About this task →
Images are not part of the copy; write out the rest of the data exactly as given.

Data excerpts

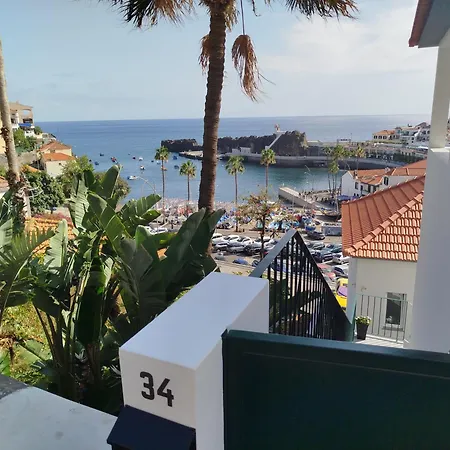 Baia Dos Lobos Апартаменты Камара-де-Лобуш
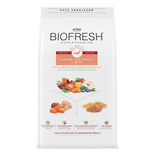 Alimento Biofresh Super Premium para cão senior de raça mini e pequena sabor mix em sacola de 10.1kg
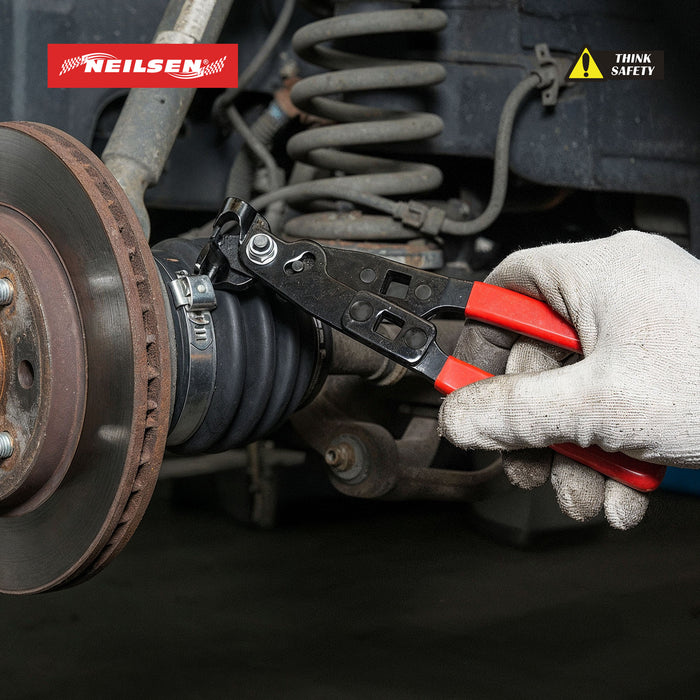 CT3909 - CV Joint Boot Clamp Pliers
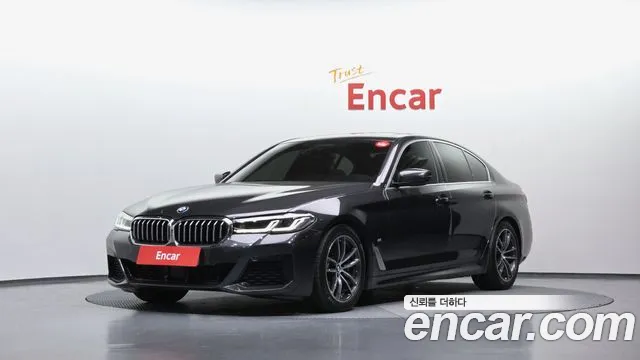 BMW 5 (G30) 520i M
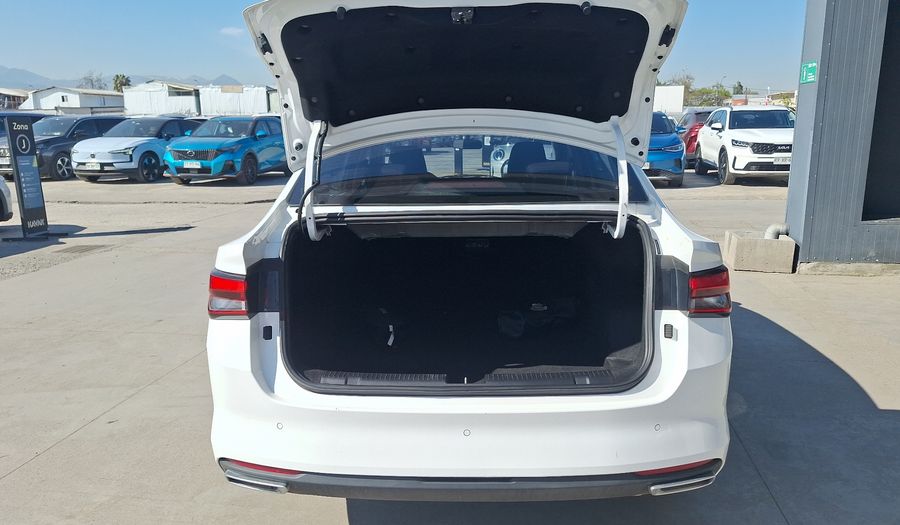 Chevrolet Sail 1.5 LTZ CVT R Sedan 2024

Solved exercise →
 Baia Dos Lobos Апартаменты Камара-де-Лобуш
 Alimento Biofresh Super Premium para cão senior de raça mini e pequena sabor mix em sacola de 10.1kg
 CT3909 - CV Joint Boot Clamp Pliers
 BMW 5 (G30) 520i M
 Chevrolet Sail 1.5 LTZ CVT R Sedan 2024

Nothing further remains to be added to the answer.